Observability on the Cloud -- Problem Discovery and Positioning Practice
01 Value of ECS observable capacity
Cloud server observability refers to the ability of customers to perceive the internal operation of the server, thus ensuring the reliability of resources on the cloud. Compared with traditional IT operation and maintenance, the use and operation and maintenance methods of cloud IT have changed. For example, in the traditional IT operation and maintenance scenario, customers will purchase their own machine rooms and machines, operating hardware resources; After going to the cloud, customers operate various computing resources through OpenAPI. At the same time, in traditional scenarios, the business scale is limited to the machine room or physical machine; Thanks to the flexibility of the cloud, customers can easily expand their business scale to hundreds or thousands of servers.
The operation and maintenance of the cloud also adds many challenges and difficulties, which need to be solved by the cloud server's observability.

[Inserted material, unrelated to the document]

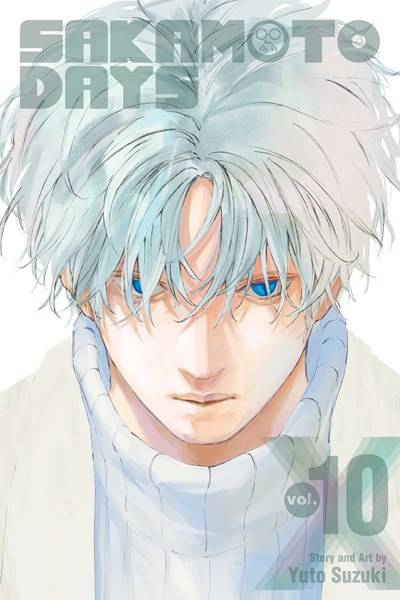 Sakamoto Days VOL 10 Main image
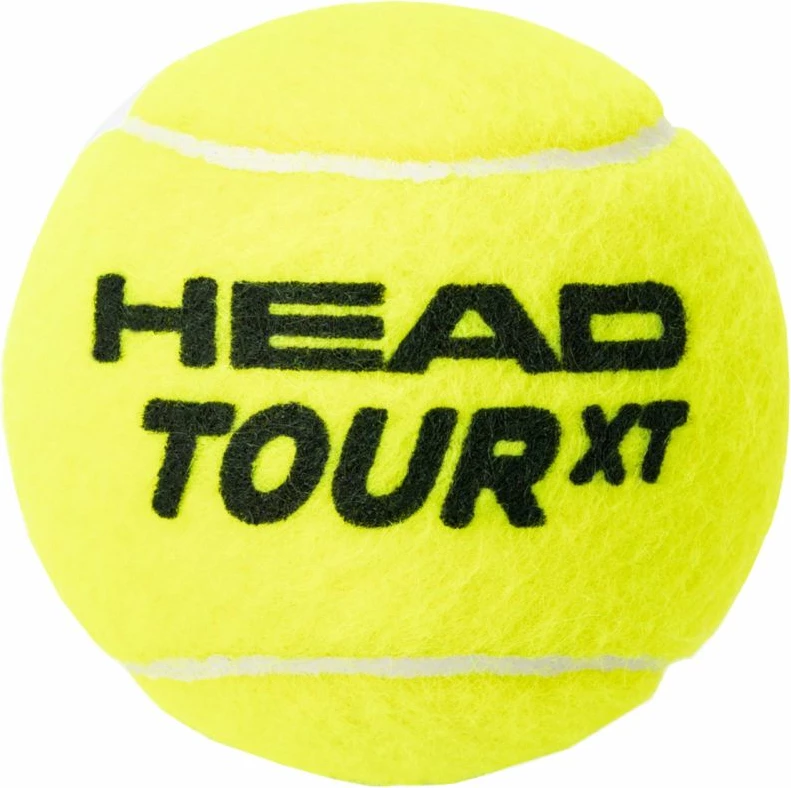 Topat e Tenisit Head Tour XT për Meshkuj, Femra dhe Fëmijë, të verdhë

The observable value of ECS mainly includes the following three points:
① Improve the efficiency of problem location. Through self-service, the problem can be quickly located and can be relied on.
② Simplify operation and maintenance, and make it easy to master the operation details of ECS.
③ Improve the reliability of resources, timely master the internal and underlying status of ECS client OS, and avoid black boxes.
Alibaba Cloud provides many mainstream toolsets for improving the observability of ECS, including health diagnosis, system events, cloud monitoring, ARMS and operation audit. Although the positioning and perspective of these tools are different, their purposes are the same, that is, to let customers clearly perceive the health status of the current instance, help quickly find problems, and reduce the operation and maintenance costs.
02 Use self-service tools to locate and analyze typical problems
Self service tool On demand self service means that users can obtain computing resources or services by themselves without having to deal with service providers.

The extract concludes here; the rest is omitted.